I have to agree with Alex on this one, my first purchase was going to be a Salisbury, at the last minute I went for a Powacycle folder, only because I already had a good MTB, and the folder would come in for public transport.
I now have 2 powacycles, another bought secondhand with little use from the previous owner.
I have taken the electric components off one bike and fitted them to a good MTB.
With just throttle I am hitting 18-19mph and on pedal assist 21mph.
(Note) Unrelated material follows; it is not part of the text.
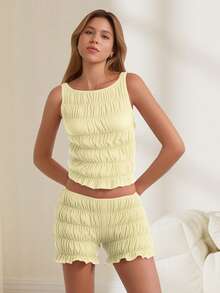 Women's 2 Piece Lounge Outfits Sleeveless Solid Color Ruched Tank Tops Shorts Sets - Yellow - View 1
The gears are too low ratio at 14 teeth on the back cog.
An 11 tooth sprocket would make me go even faster
For legalities this was on a private road and of course restricted to the UK 15mph on public roads
Powacycle is not a refined bike and could be easily uprated, but at £399 I think that is where e-bikes should be coming in at.
Many of the e-bikes are over rated, even big names like GIANT (pardon the pun) are made in a factory where the same components are fitted to other makes but you are not paying for the name.
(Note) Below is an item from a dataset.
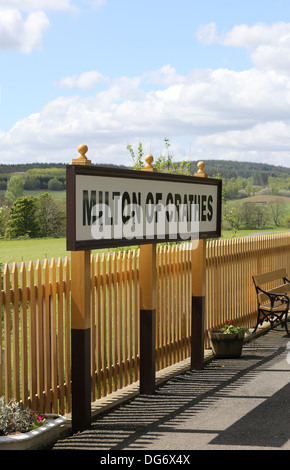 Royal Deeside Railway Station in Milton Crathes, Aberdeenshire. Eine Normalspur Dampf und Diesel Museumsbahn. Stockfoto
Marketing the bike or any brand through Makro isn't going to take the world by storm, IIRC it was Makro who stocked the Sinclair C5 at £399 and look what happened to it. (yes I know £399 in the 80's was a lot more in real terms)
If anything Tesco is probably the only way to make ebikes mainstream so that Joe Bloggs and his wife will have one.
I'm all for local business, recently I found out that the largest cycle warehouse in Europe is based not far from me (online only and only a couple of 'onion seller' style ebikes on their website)
But having said that, other local shops that I went into just didn't promote ebikes and were neither helpful as to where I could source parts or willing to buy in kits for me. In fact I found them arrogant and ignorant towards ebikes and potential ebike users.